=== Exercise instructions ===
With the pictures removed, write out the data below exactly.

BEGIN

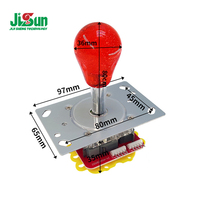 Manette de jeu colorée pour machine à griffes d'arcade, stick de commande directionnel avec boule de cristal transparente rouge, métal et plastique, marque JIJISHENG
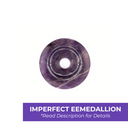 A collection of round gemstone medallions with a central hole in each. 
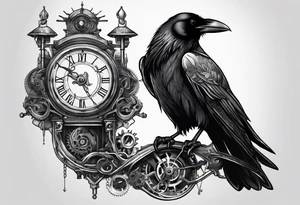 Raven sitting on a clockwork tattoo idea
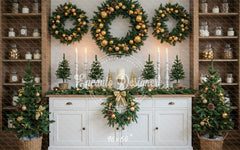 White Candlestick Wreath Christmas Backdrop - Layoris
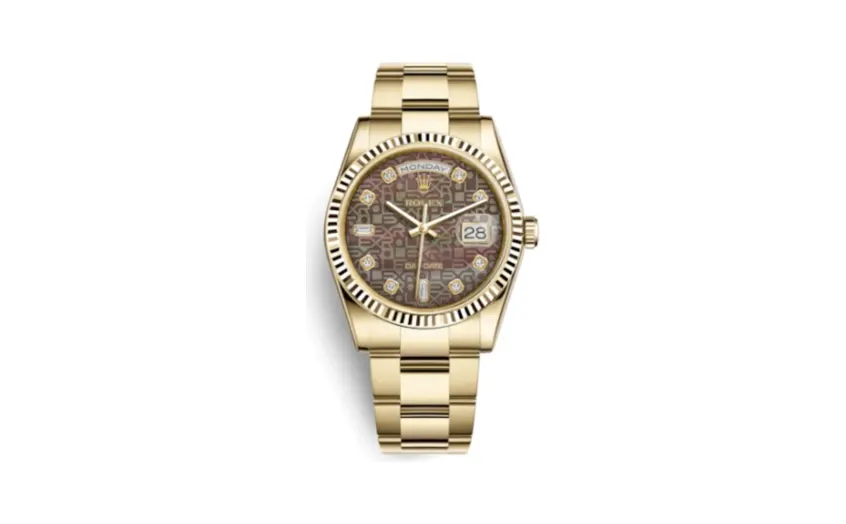 Rolex Day-Date 36 Yellow Gold Fluted / Oyster / Black MOP Computer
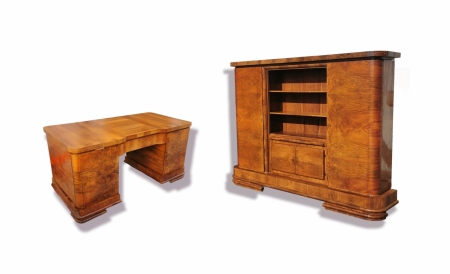 Komplet gabinetowy Art Deco. Ok. 1930 rok. 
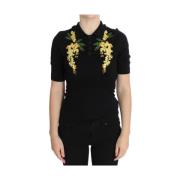 Elegant zwart bloemig zijden poloshirt Dolce & Gabbana , Black , Dames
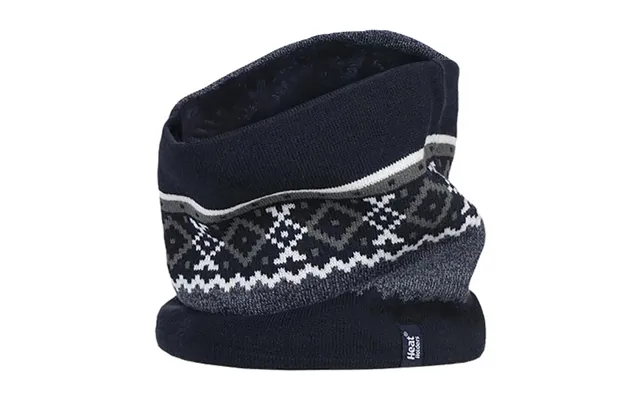 Mens Fairisle Fleece Lined Thermal Neck Warmer - One Size Navy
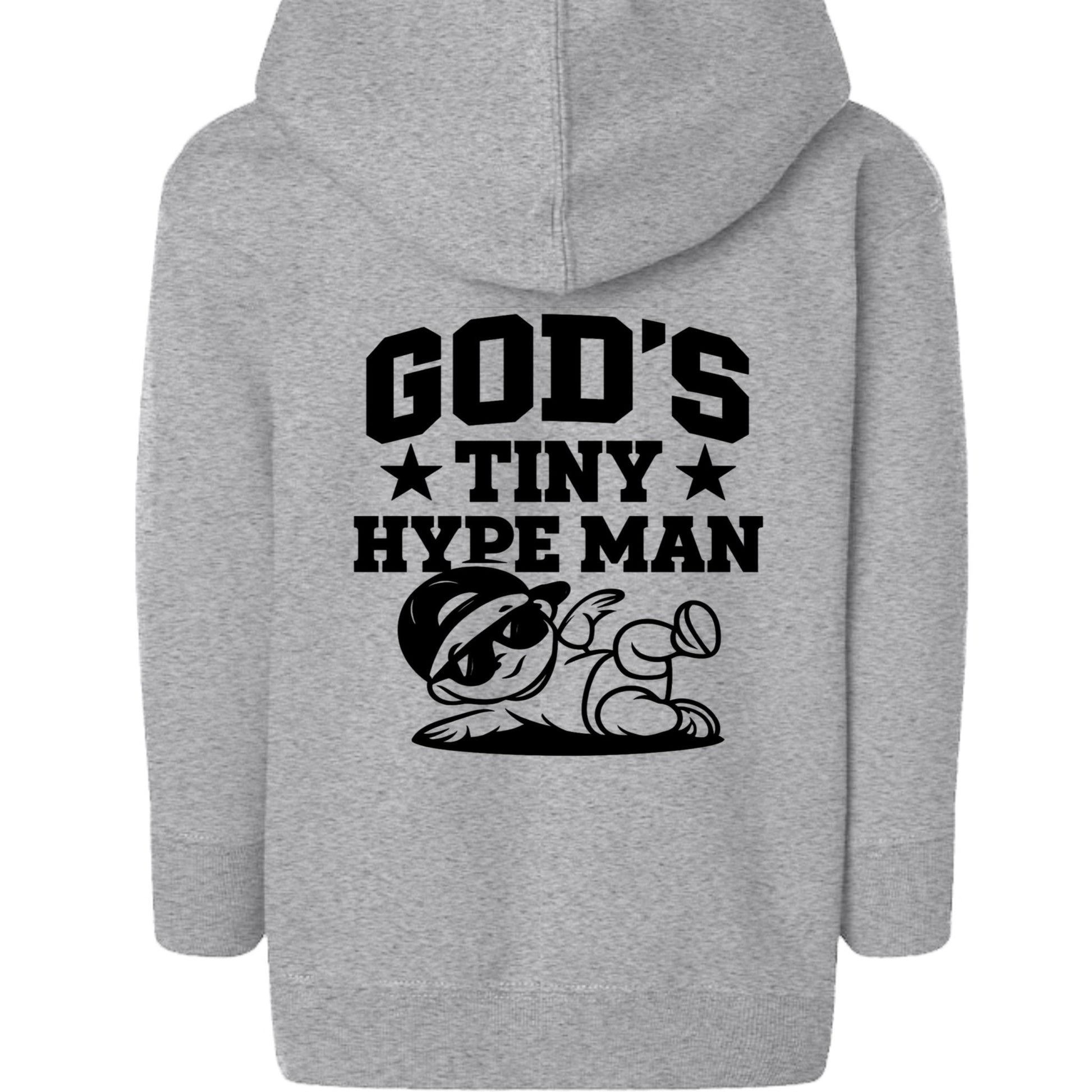 God's Tiny Hype Man Toddler Christian Full - Zip Hooded Sweatshirt - ClaimedbyGodDesigns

END

=== Solution ===
 Manette de jeu colorée pour machine à griffes d'arcade, stick de commande directionnel avec boule de cristal transparente rouge, métal et plastique, marque JIJISHENG
 A collection of round gemstone medallions with a central hole in each. 
 Raven sitting on a clockwork tattoo idea
 White Candlestick Wreath Christmas Backdrop - Layoris
 Rolex Day-Date 36 Yellow Gold Fluted / Oyster / Black MOP Computer
 Komplet gabinetowy Art Deco. Ok. 1930 rok. 
 Elegant zwart bloemig zijden poloshirt Dolce & Gabbana , Black , Dames
 Mens Fairisle Fleece Lined Thermal Neck Warmer - One Size Navy
 God's Tiny Hype Man Toddler Christian Full - Zip Hooded Sweatshirt - ClaimedbyGodDesigns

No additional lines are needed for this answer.